Given records:
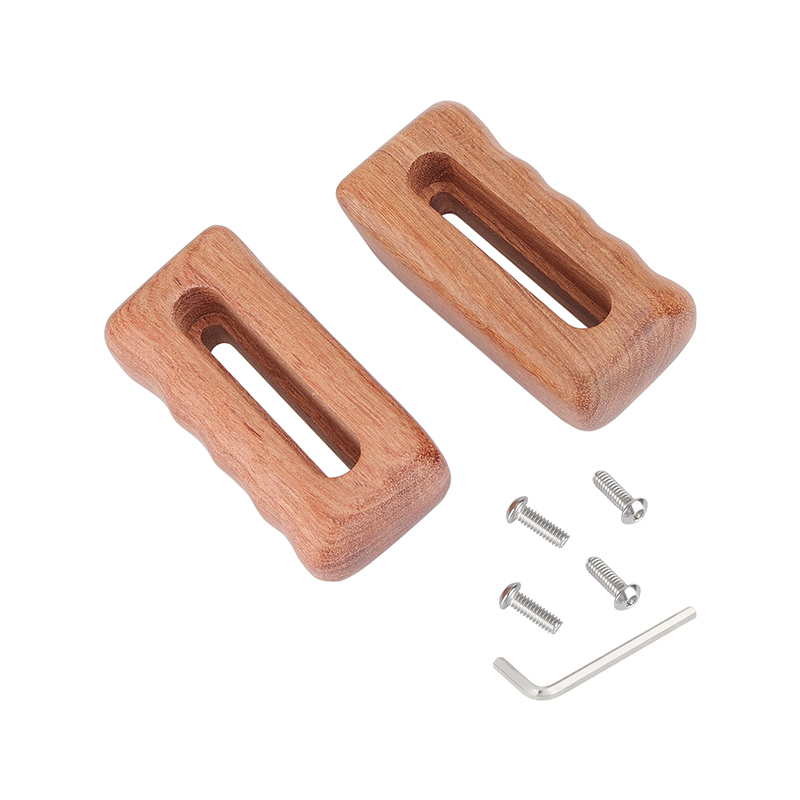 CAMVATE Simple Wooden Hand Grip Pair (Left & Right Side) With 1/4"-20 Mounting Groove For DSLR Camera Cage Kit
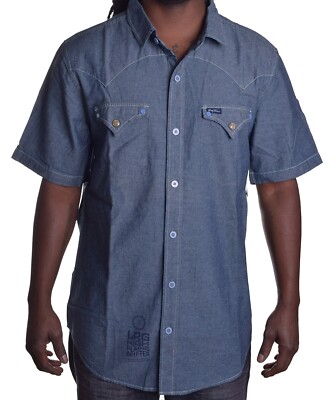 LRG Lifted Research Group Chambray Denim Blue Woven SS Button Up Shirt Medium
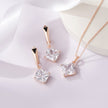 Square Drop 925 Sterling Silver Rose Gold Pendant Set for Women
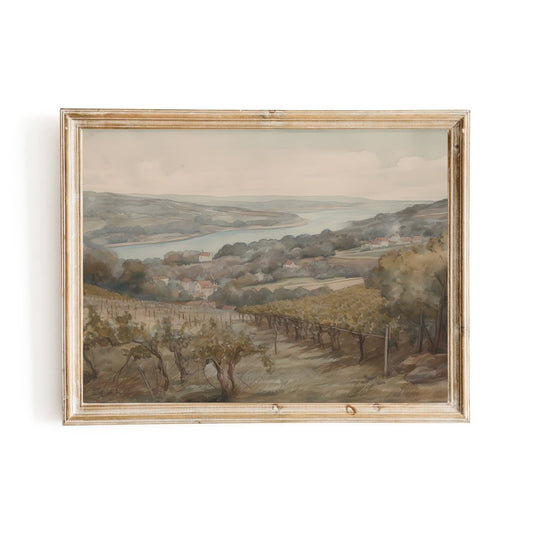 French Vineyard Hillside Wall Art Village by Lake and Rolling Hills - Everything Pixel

...

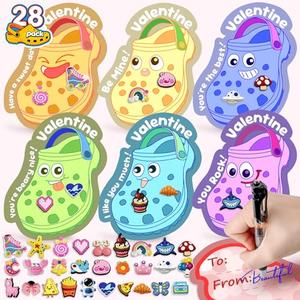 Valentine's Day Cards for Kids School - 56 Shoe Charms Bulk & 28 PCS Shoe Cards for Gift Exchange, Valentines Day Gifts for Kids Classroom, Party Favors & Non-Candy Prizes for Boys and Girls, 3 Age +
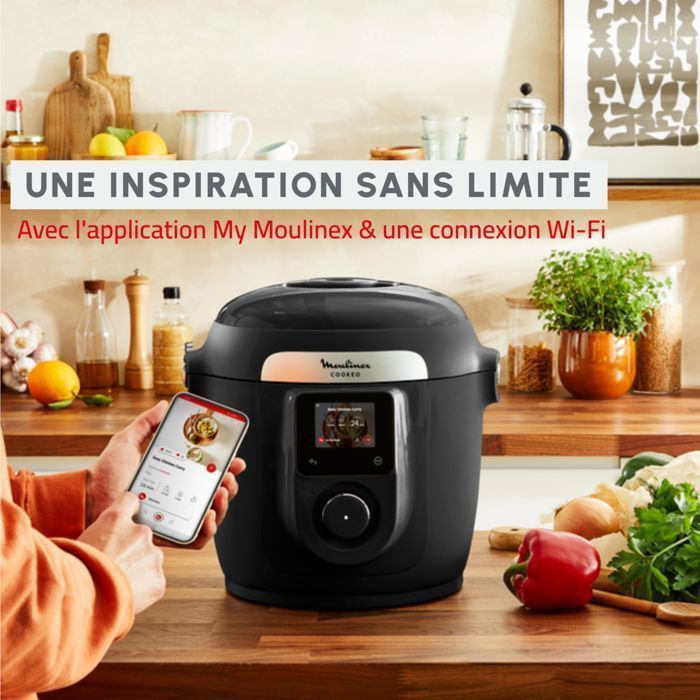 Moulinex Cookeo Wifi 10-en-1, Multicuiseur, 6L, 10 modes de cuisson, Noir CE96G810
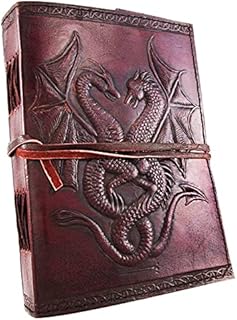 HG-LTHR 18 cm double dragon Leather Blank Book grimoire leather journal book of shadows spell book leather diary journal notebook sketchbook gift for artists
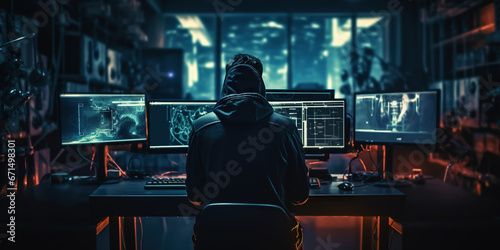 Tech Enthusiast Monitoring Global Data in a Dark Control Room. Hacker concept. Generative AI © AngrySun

Task prompt: In the data above, take the line with "CAMVATE Simple Wooden", the line with "French Vineyard Hillside", and every line between, and set them down exactly without pictures.

Response:
 CAMVATE Simple Wooden Hand Grip Pair (Left & Right Side) With 1/4"-20 Mounting Groove For DSLR Camera Cage Kit
 LRG Lifted Research Group Chambray Denim Blue Woven SS Button Up Shirt Medium
 Square Drop 925 Sterling Silver Rose Gold Pendant Set for Women
 French Vineyard Hillside Wall Art Village by Lake and Rolling Hills - Everything Pixel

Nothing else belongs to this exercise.